Q: Does RocksDB throw exceptions?

A: No, RocksDB returns rocksdb::Status to indicate any error. However, RocksDB does not catch exceptions thrown by STL or other dependencies. For instance, so it's possible that you will see std::bad_malloc when memory allocation fails, or similar exceptions in other situations.

Q: How to know the number of keys stored in a RocksDB database?

A: Use GetIntProperty(cf_handle, “rocksdb.estimate-num-keys") to obtain an estimated number of keys stored in a column family, or use GetAggregatedIntProperty(“rocksdb.estimate-num-keys", &num_keys) to obtain an estimated number of keys stored in the whole RocksDB database.

Q: Why GetIntProperty can only returns an estimated number of keys in a RocksDB database?

A: Obtaining an accurate number of keys in any LSM databases like RocksDB is a challenging problem as they have duplicate keys and deletion entries (i.e., tombstones) that will require a full compaction in order to get an accurate number of keys. In addition, if the RocksDB database contains merge operators, it will also make the estimated number of keys less accurate.

Q: Is basic operations Put(), Write(), Get() and NewIterator() thread safe?

A: Yes.

Q: Can I write to RocksDB using multiple processes?

A: No. However, it can be opened in read-only mode from multiple processes.

Q: Does RocksDB support multi-process read access?

A: RocksDB support multi-process read only process without writing the database. This can be done by opening the database with DB::OpenForReadOnly() call.

Q: Is it safe to close RocksDB while another thread is issuing read, write or manual compaction requests?

A: No. The users of RocksDB need to make sure all functions have finished before they close RocksDB.

Q: What's the maximum key and value sizes supported?

A: In general, RocksDB is not designed for large keys. The maximum recommended sizes for key and value are 8MB and 3GB respectively.

Q: Can I run RocksDB and store the data on HDFS?

A: Yes, by using the Env returned by NewHdfsEnv(), RocksDB will store data on HDFS. However, the file lock is currently not supported in HDFS Env.

Q: Can I preserve a “snapshot” of RocksDB and later roll back the DB state to it?

A: Yes, via the BackupEngine or Checkpoint.

Q: What's the fastest way to load data into RocksDB?

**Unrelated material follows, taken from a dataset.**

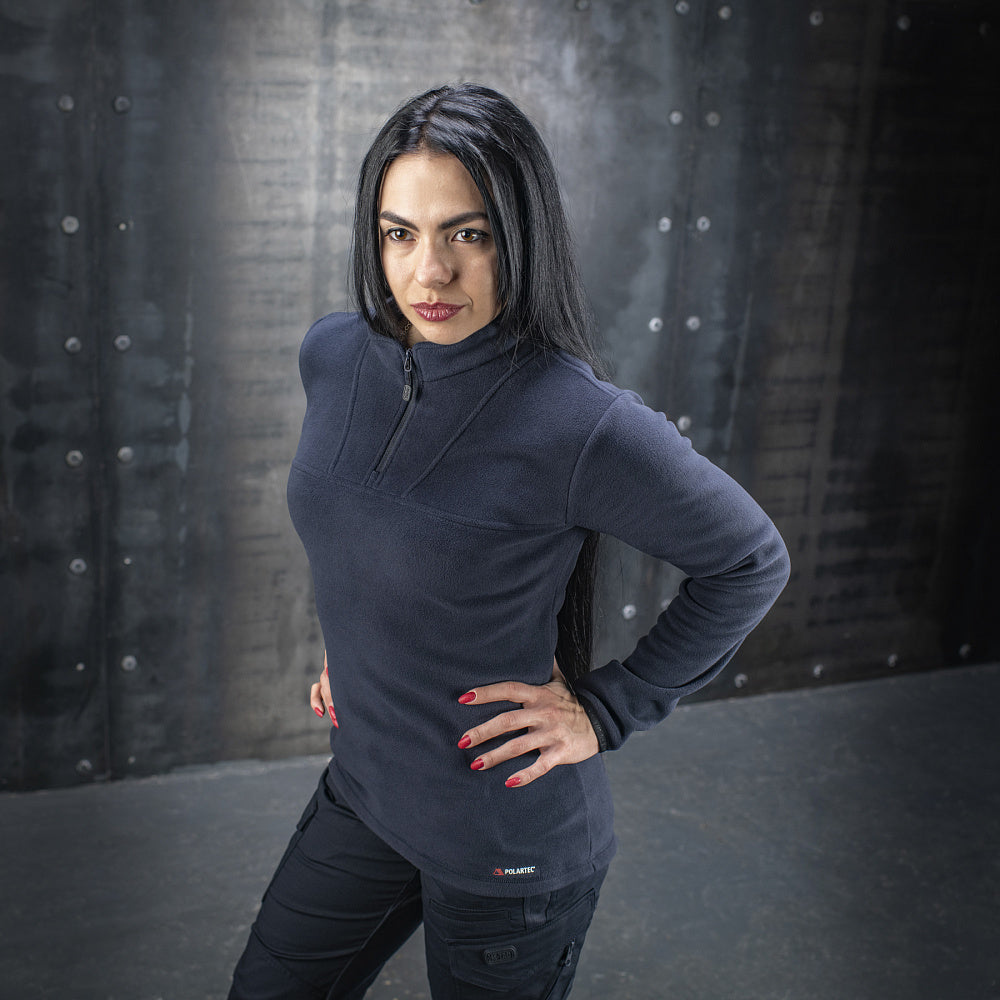 Delta Polartec jacket Lady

A: A fast way to direct insert data to the DB:

  1. using single writer thread and insert in sorted order
  2. batch hundreds of keys into one write batch
  3. use vector memtable
  4. make sure options.max_background_flushes is at least 4
  5. before inserting the data, disable automatic compaction, set options.level0_file_num_compaction_trigger, options.level0_slowdown_writes_trigger and options.level0_stop_writes_trigger to very large. After inserting all the data, issue a manual compaction.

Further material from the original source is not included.